Presented By: MCAIM - Department of Mathematics
MCAIM Colloquium: Modeling and Analyzing Temporal Networks and Dynamics on Them
Naoki Masuda, University at Buffalo
Abstract: Two salient features of empirical temporal (i.e., time-varying) network data are the time-varying nature of network structure itself and heavy-tailed distributions of inter-contact times. Both of them can strongly impact dynamical processes occurring on networks, such as contagion processes, synchronization dynamics, and random walks.

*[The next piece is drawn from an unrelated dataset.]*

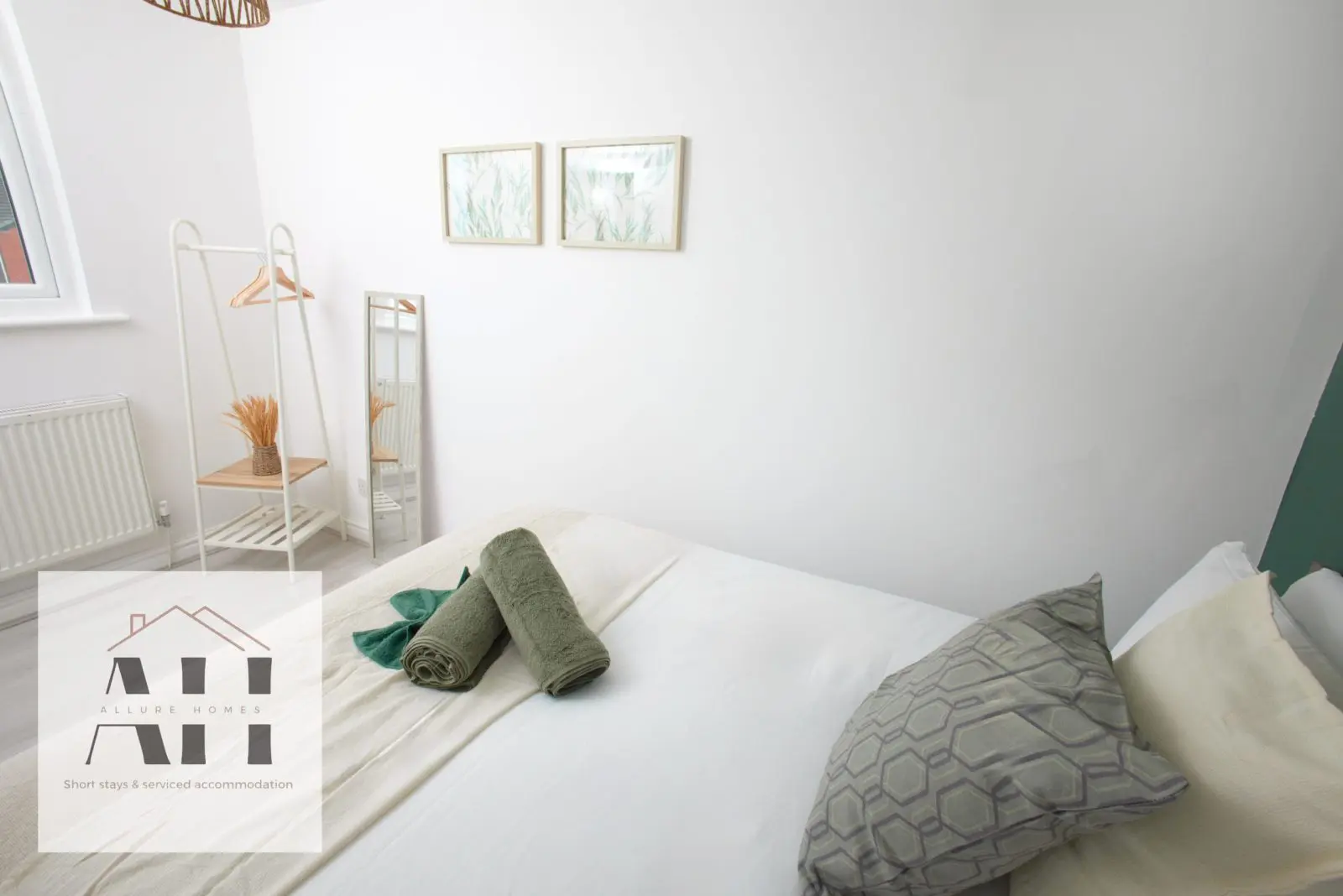 Styled bedroom photographed for a Liverpool Airbnb and serviced accommodation listing by Captured By Luke Media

In the first part of the talk, I introduce theoretical explanation of heavy-tailed distributions of inter-contact times by state-dynamics modeling approaches in which each node is assumed to switch among a small number of discrete states in a Markovian manner and the nodes' states determine time-dependent edges. This approach is interpretable, facilitates mathematical analyses, and seeds various related mathematical modeling, algorithms, and data analysis (e.g., theorizing on epidemic thresholds, random walks on metapopulation models, inference of mixtures of exponential distributions, new Gillespie algorithms, embedding of temporal network data), some of which we will also discuss. The second part of the talk is on modeling of temporal networks by static networks that switch from one to another at regular time intervals. This approach facilitates analytical understanding of diffusive and epidemic dynamics on temporal networks as well as an efficient algorithm for containing epidemic spreading as convex optimization. Finally, I will touch upon some of my interdisciplinary collaborations including those on static networks.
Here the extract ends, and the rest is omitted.